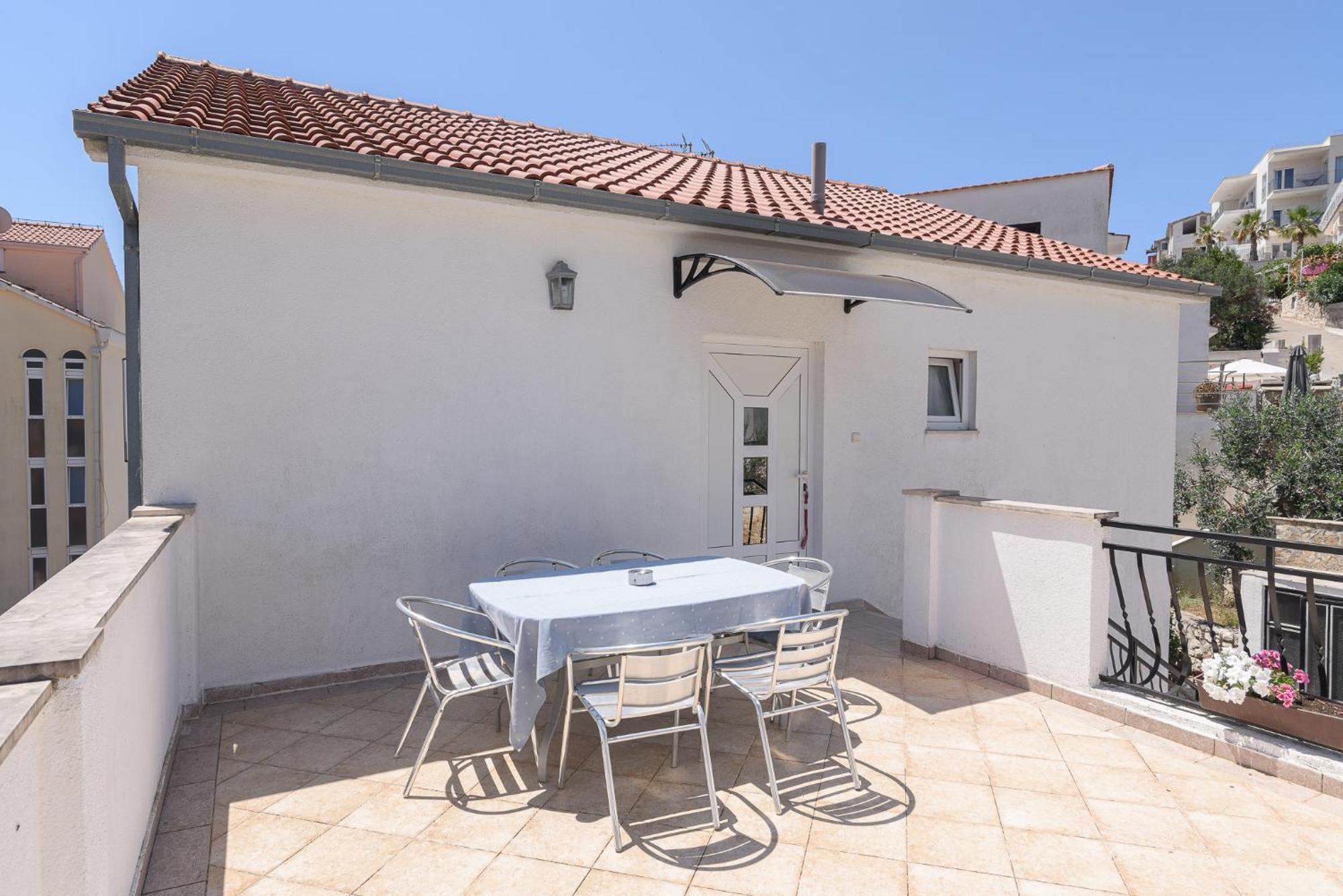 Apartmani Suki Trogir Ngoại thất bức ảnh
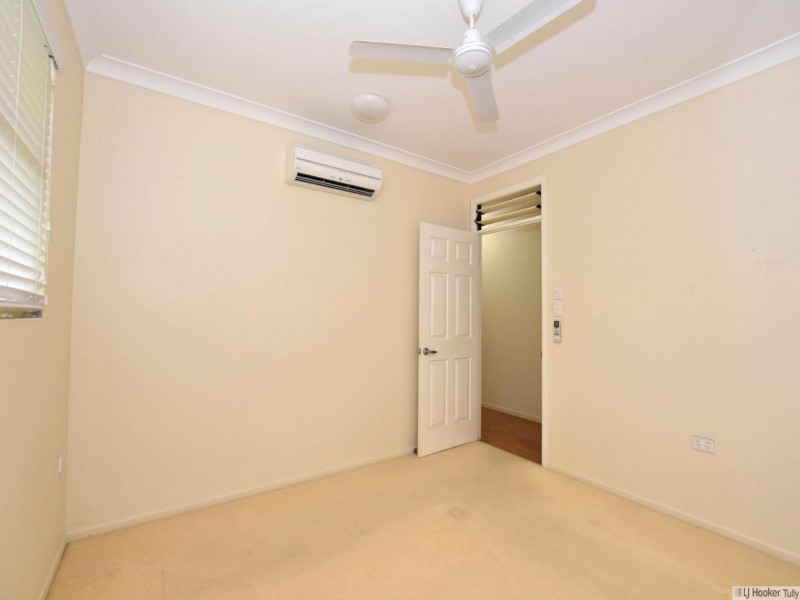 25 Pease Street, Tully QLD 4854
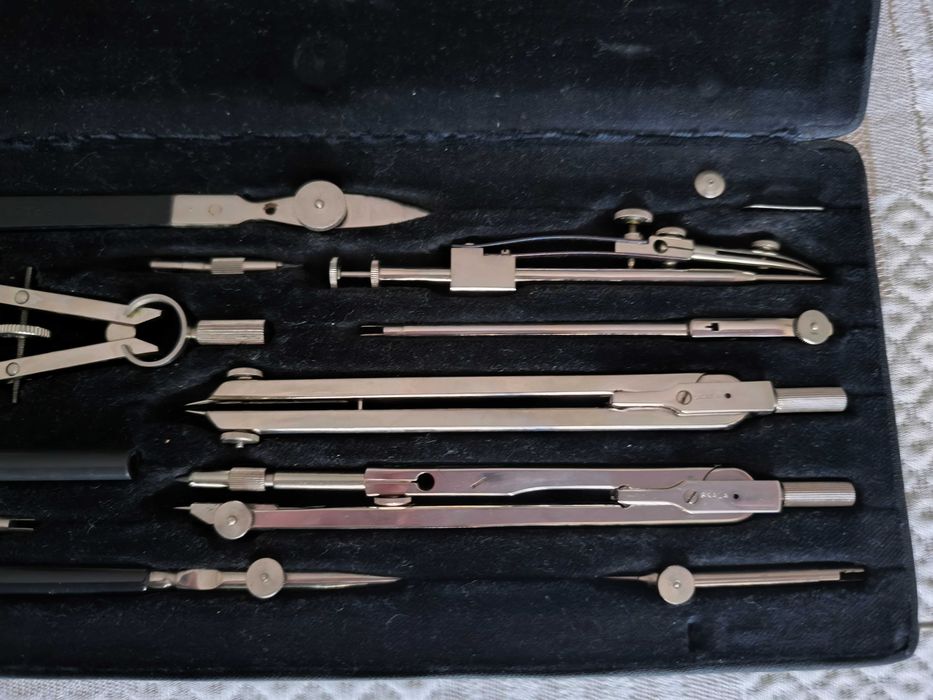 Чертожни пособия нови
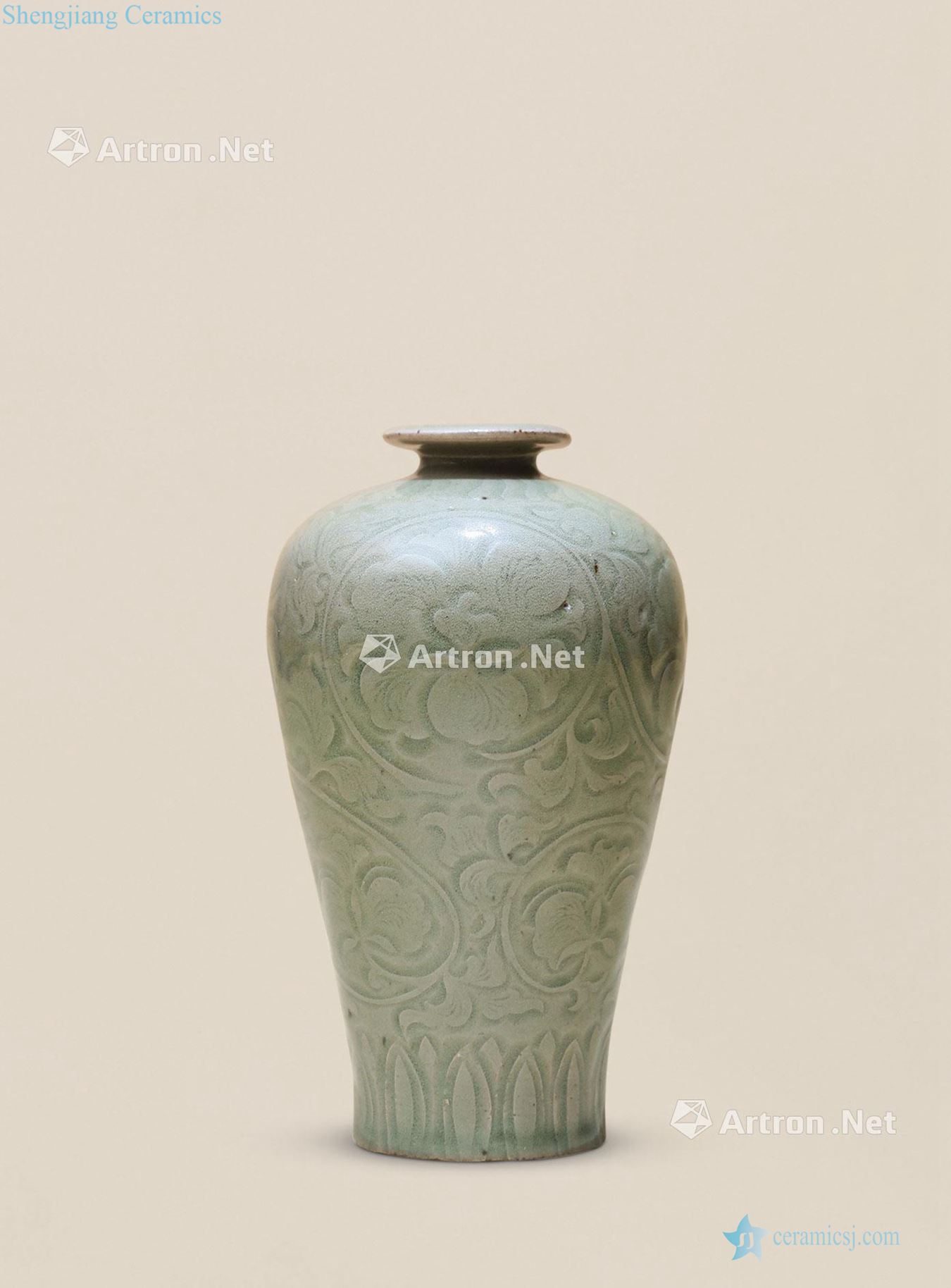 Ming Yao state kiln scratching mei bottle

▶ **TRY IT**: Line by line, write out the material exactly, leaving the images out.

▶ **WRITTEN REPLY**:
 Apartmani Suki Trogir Ngoại thất bức ảnh
 25 Pease Street, Tully QLD 4854
 Чертожни пособия нови
 Ming Yao state kiln scratching mei bottle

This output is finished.